How many light years are needed to accelerate towards near light speed in a space-craft that has humans on board?

You just can't instantly go light-speed like in Star Wars, with a human crew; the acceleration-forces would turn them into mush.

Say if we had the ability to travel at 99.9999% that of the speed of light and we wanted to go to Alpha Centauri. We have to spend a time period accelerating to the limits of human withstanding of G forces and then an equal time decelerating within the limits of human resistance to G-forces. I'm thinking we can't travel to AC3 going light speed because the distances are too short?

schlaugh
2012-Jan-08, 04:41 AM
I think this site will be useful:

http://www.ajdesigner.com/constantacceleration/cavelocity.php

Know that 1G = 10m/s so enter a starting veolcity of 0 and an acceleration of 10 meters per second for 365 days and you'll see you're moving faster than light at >315,000 kilometers per second. (The calculator does not care about relativisitic effects or E=MC^2).

Tensor
2012-Jan-08, 05:11 AM
Accelerating to light speed.

How many light years are needed to accelerate towards near light speed in a space-craft that has humans on board?

the answer is going to depend on exactly what you mean by near light speed. You specify below, but.....

You just can't instantly go light-speed like in Star Wars, with a human crew; the acceleration-forces would turn them into mush.

Say if we had the ability to travel at 99.9999% that of the speed of light and we wanted to go to Alpha Centauri. We have to spend a time period accelerating to the limits of human withstanding of G forces and then an equal time decelerating within the limits of human resistance to G-forces. I'm thinking we can't travel to AC3 going light speed because the distances are too short?
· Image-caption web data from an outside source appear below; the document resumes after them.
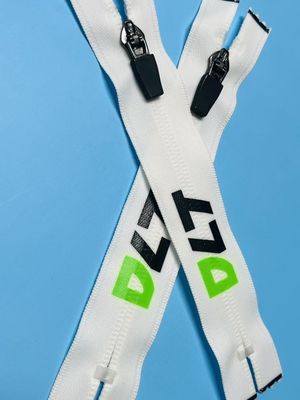 Abbigliamento a prova di tempo in grandi quantità Plastico Poliestere Zipper Slider personalizzato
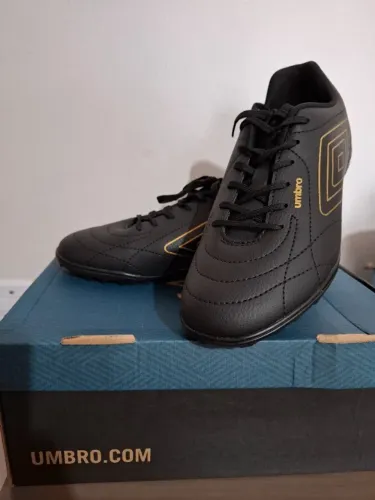 Chuteira Society Umbro Class Footballer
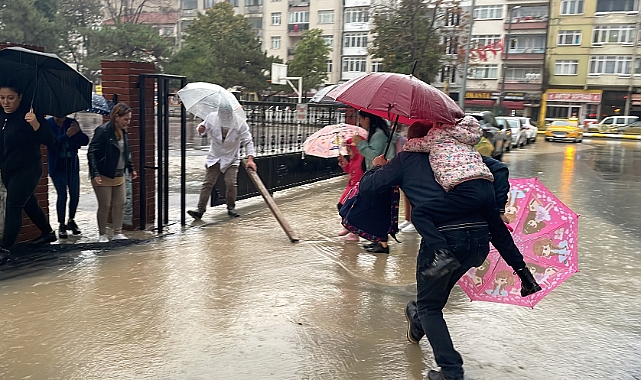 Edirne'de Kuvvetli Sağanak Etkili Oluyor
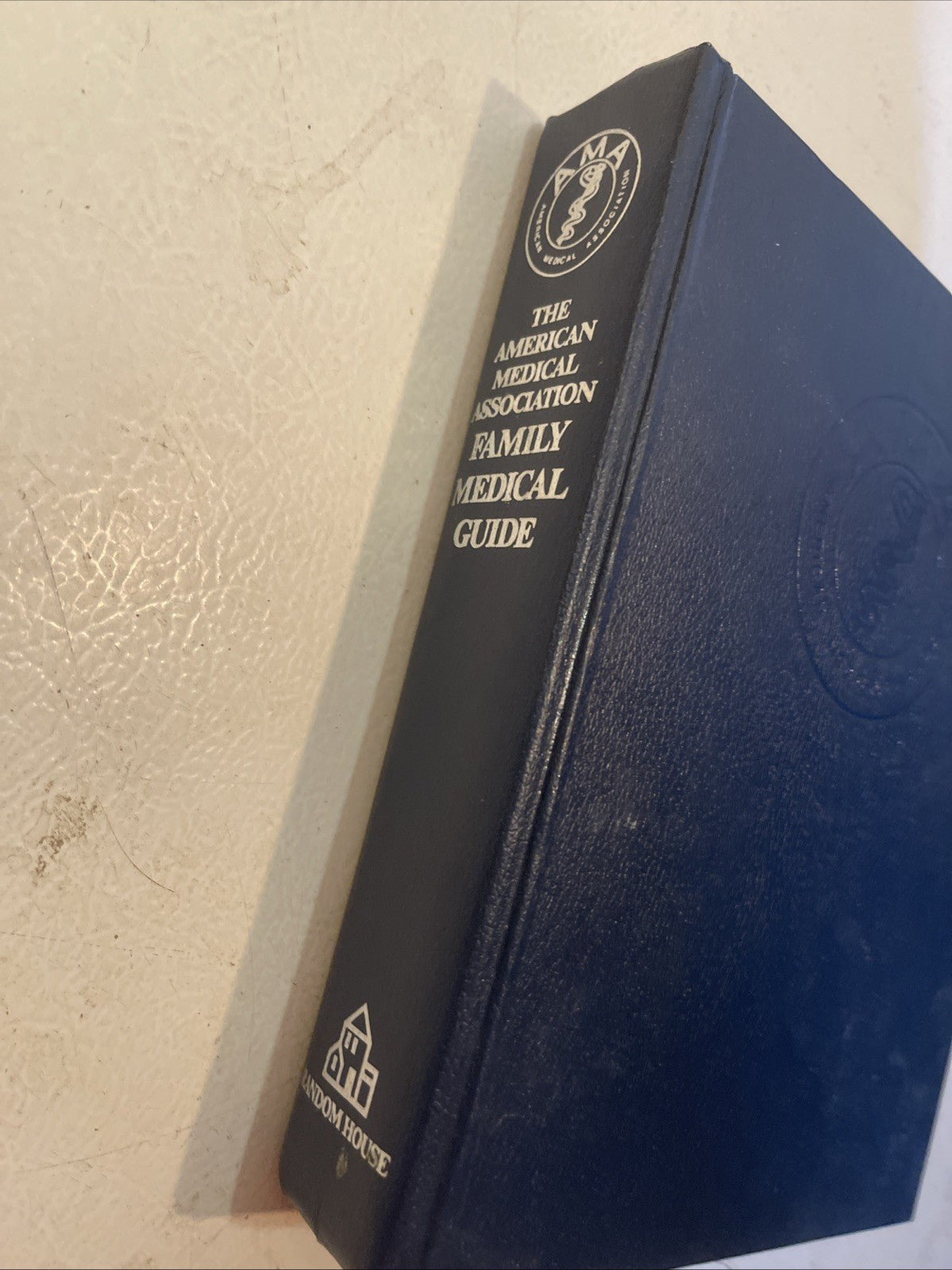 american medical association family medical guide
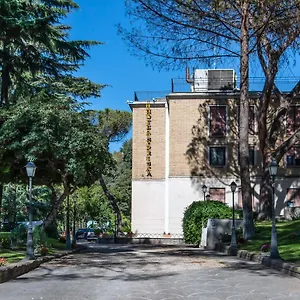 Отель Santa Prisca, Рим
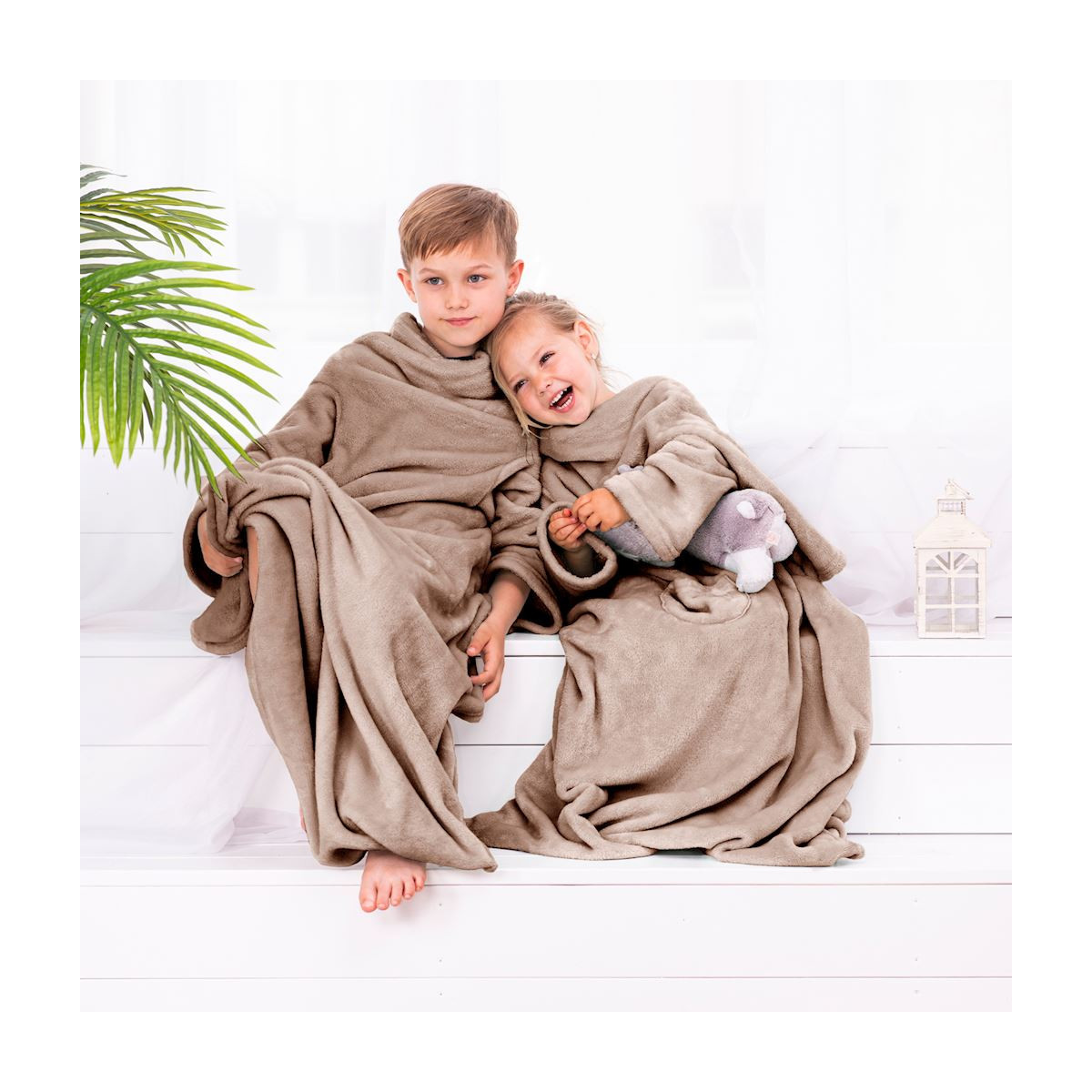 Pătură pentru copii de culoare maro cu mâneci, 90x105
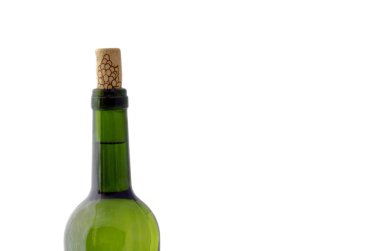 İzole yeşil şişe şarap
You're thinking correctly. The problem comes from relativity. Schlaugh give a site that will calculate for you. However, it does not take relativity into account. This site (http://math.ucr.edu/home/baez/physics/Relativity/SR/rocket.html) by originally by Phillip Gibbs and hosted on John Baez's home site, gives the exact equations for the Time within the ship, the time for observers outside the ship, the distance traveled(as seen by outside observers), the velocity(by percentage of c), and the gamma factor(at any point). In the case of 99.9999%, at 1g, it would take ~1,839 years and a distance of ~1840 light years. So, getting to that speed is pretty much out if you're thinking of going to Alpha Centauri. That site has the equations, so you can figure out what would happen if you increased the acceleration to something like 2 or 3 g's. Which may be pushing the limits for human endurance over an extended time. Unfortunately, that site doesn't do an automatic calculation.

Githyanki
2012-Jan-08, 09:21 PM
That's what I figured. I guess we won't be having any express-flights to any of the local stars.

Now I'm assuming that a space probe can handle a lot more Gees than a human can. But there is still a limit of how much acceleration you can use before you damage your instruments.